"Anonymous Speech"

Imagine combining free speech with your right to privacy.

Imagine combining free speech with your right to privacy.

Last February, Finnish police served a warrant on Johan Helsingius, calling for the search and seizure of his anonymous remailer, anon.penet.fi. The police wanted to identify someone who had allegedly stolen confidential information off a Church of Scientology computer and then used the remailer to publish the data anonymously. Faced with the alternative of revealing anon.penet.fi's entire user list, Helsingius coughed up the suspect's name.

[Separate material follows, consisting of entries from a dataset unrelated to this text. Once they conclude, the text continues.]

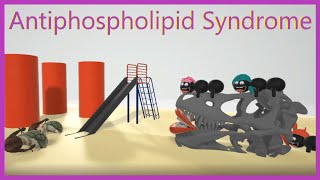 Antiphospholipid Syndrome Mnemonic for the USMLE [upl. by Keisling]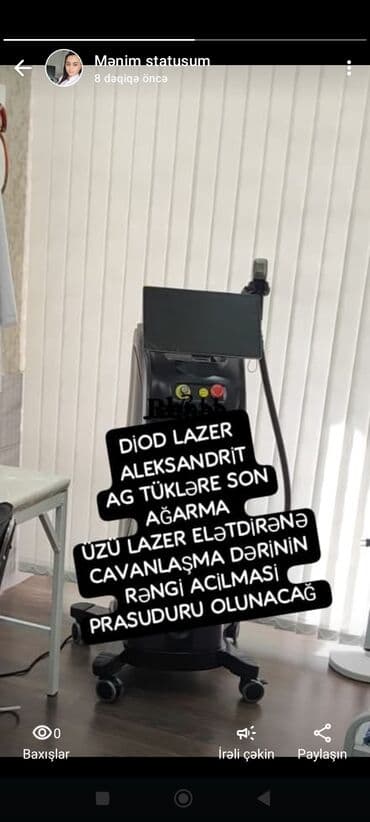 sari tukler ucun lazer: DIOD Lazer Aleksandrit Ağ tüklər üçün elektron epilyasiya AGARMA — 1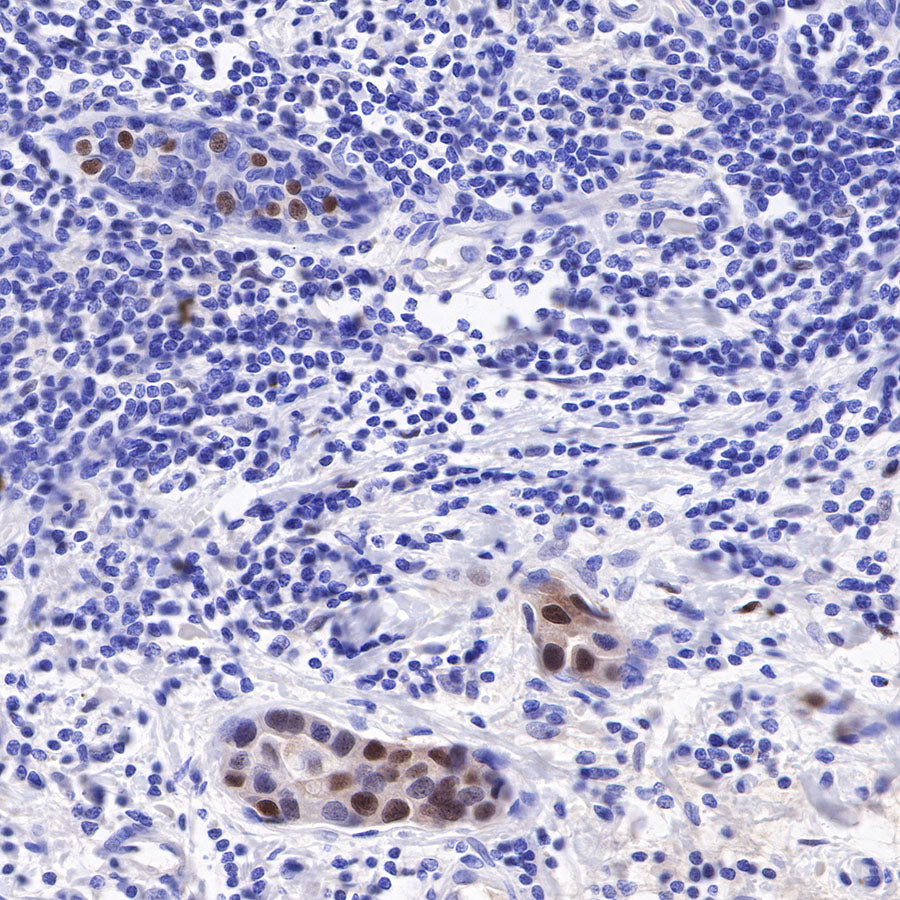 Androgen Receptor Recombinant Rabbit mAb (SDT-R167)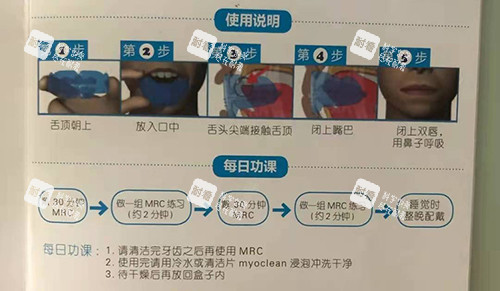 牙齿矫正MRC早期肌功能矫正说明.jpg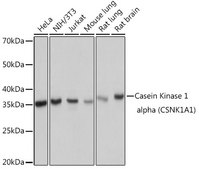 Anti-Casein Kinase 1 alpha (CSNK1A1) Antibody, clone 9O4L9, Rabbit Monoclonal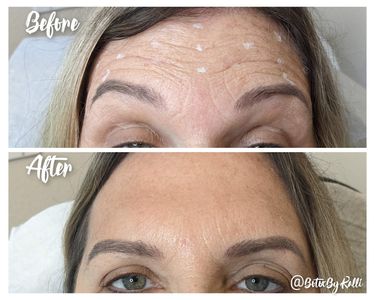 Envy Me Aesthetics photo 10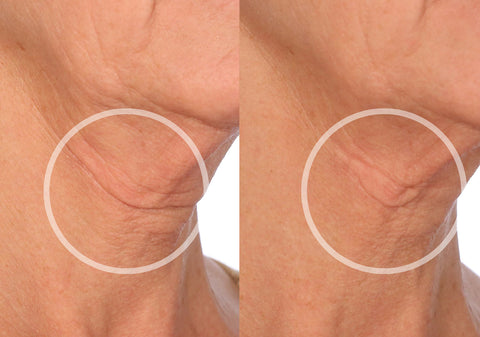 neck before and after using silicone wrinkle patches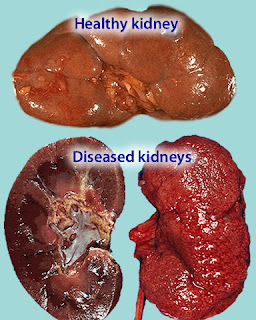 healthy-and-diseased-kidney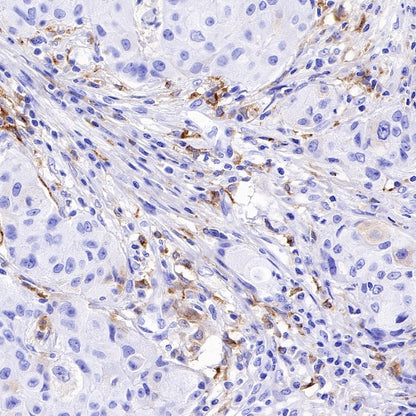 GPNMB Recombinant Rabbit mAb (S-491-6)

Could this happen in the US? It depends on how US courts interpret your right to anonymous speech, which depends, in turn, on how hard you fight for that right. Establishing a broad right to anonymous speech will call for some potent intellectual ammo.

Who says?

Imagine combining your right to free speech with your right to privacy. You would end up with the right to communicate with others without communicating your identity. You would end up, that is, with a robust right to anonymous speech.

In times past, anonymous speech sheltered the Founding Fathers' revolutionary arguments and emboldened commentators such as Mark Twain (aka Samuel Langhorne Clemens) to criticize common ignorance. Today, e-mail pseudonyms and anonymous remailers provide cover, albeit thin, to millions of correspondents and independent publishers. Tomorrow, public key cryptography could finally upload onto the Net a real right to anonymous speech. We could then enjoy digital anonymous speech at least as secure as the anonymous speech that we already enjoy in hard copy.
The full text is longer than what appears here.